28 Jul 2006 @ 19:18 by silver47 : Sustainable Biodiesel
I am very much behind this movement towards sustainable biodiesels. It can use recycled cooking oils with little processing; which currently only go to making soap and glycerine. Even if this doesn't turn out to be feasible on a large scale, it could go a long ways to reducing the use of petroleum in a farm setting, allowing farmers to reduce thier cost of producing food crops and the accompanying pollution that comes from burning petroleum. Imagine, pouring a bottle of a cheap cooking oil into your tank, or even filtering that which you've already used.  

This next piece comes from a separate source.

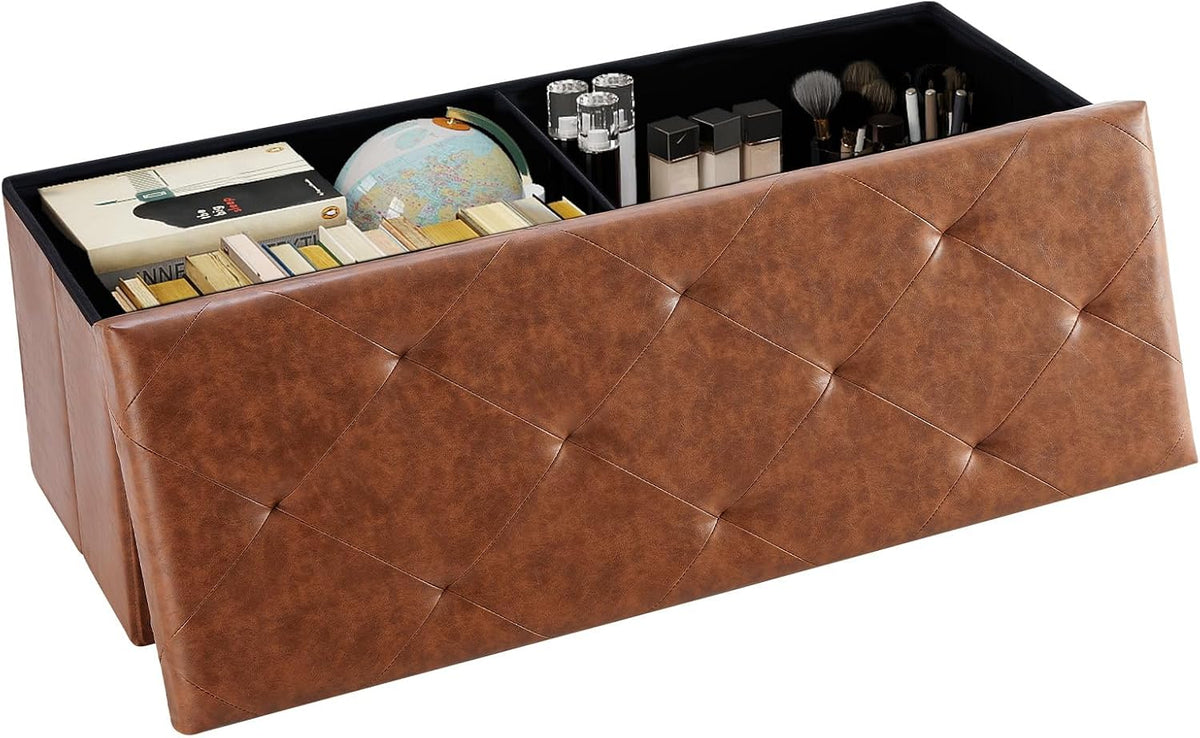 DUMOS 43 Inch Folding Storage Ottoman Bench, Large Ottoman with Storage | Storage Chest with Padded Seat, End of Bed Foot Rest Stool for Bedroom Living Room, Load 660 lbs, Synthetic Leather, Brown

7 Aug 2006 @ 06:51 by jeremy s. @ : bio diesel energy output
I actually just read an article about how bio-diesel is an energy generator. The report could be wrong but it claims that "If soybean is grown as a rotation crop with corn using state of the art farm practices as much as four times the energy input can be realized from the various products" You can check it out at this website.


I don't think it is a long term solution, but I believe it is a short term solution to help ween America off of foreign oil and start a long term change to a more environmentally friendly fuel solution.  

12 Nov 2007 @ 08:16 by Wil @ : Bio-diesel genertates more pollution
has anyone done the actual chemical calculation behind it? I did a little while back and realised, that weight for weight, oil is LESS POLLUTING than bio-diesel. in the long term, we are going to harm the environment more.